• **Brief**
Below is a listing with pictures. Repeat exactly the lines starting at the one holding "Property photo of" and going on through the one holding "Mai mulţi astronauţi", and leave every picture out.

• **Exercise input**

□ □ □ □

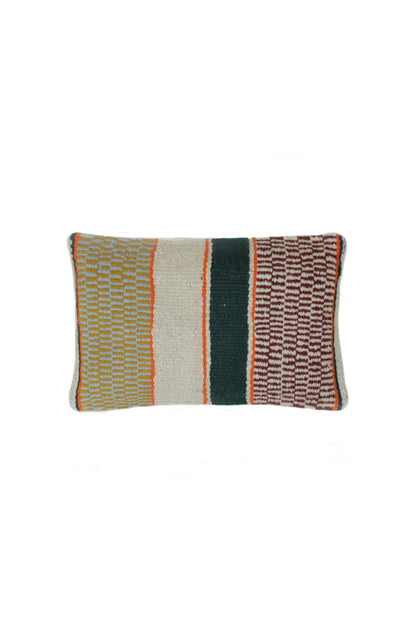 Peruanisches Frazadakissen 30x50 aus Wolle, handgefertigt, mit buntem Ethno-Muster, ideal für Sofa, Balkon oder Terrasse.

□ □ □ □

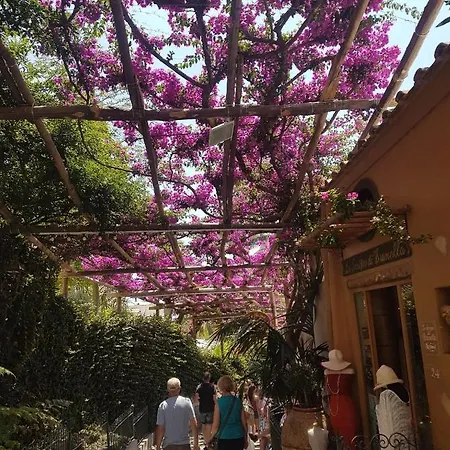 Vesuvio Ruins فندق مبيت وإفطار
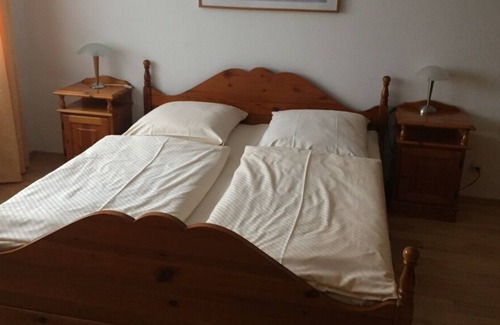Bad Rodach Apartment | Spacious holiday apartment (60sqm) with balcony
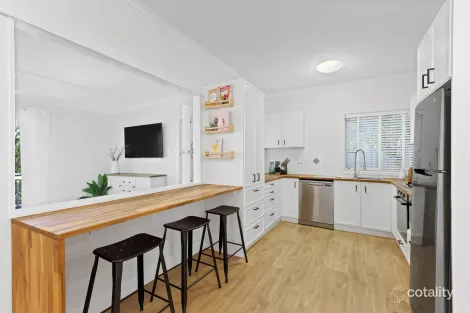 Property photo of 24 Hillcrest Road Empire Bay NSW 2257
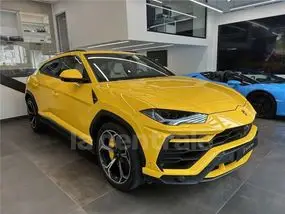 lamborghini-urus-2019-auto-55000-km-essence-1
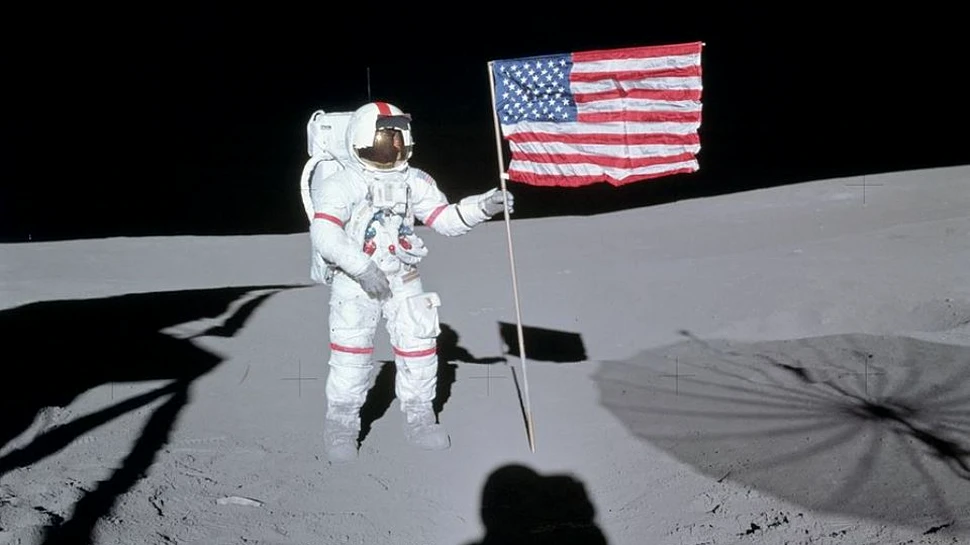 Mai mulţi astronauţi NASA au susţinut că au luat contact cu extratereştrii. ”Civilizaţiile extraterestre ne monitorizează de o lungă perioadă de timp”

□ □ □ □

• **Task solution**
 Property photo of 24 Hillcrest Road Empire Bay NSW 2257
 lamborghini-urus-2019-auto-55000-km-essence-1
 Mai mulţi astronauţi NASA au susţinut că au luat contact cu extratereştrii. ”Civilizaţiile extraterestre ne monitorizează de o lungă perioadă de timp”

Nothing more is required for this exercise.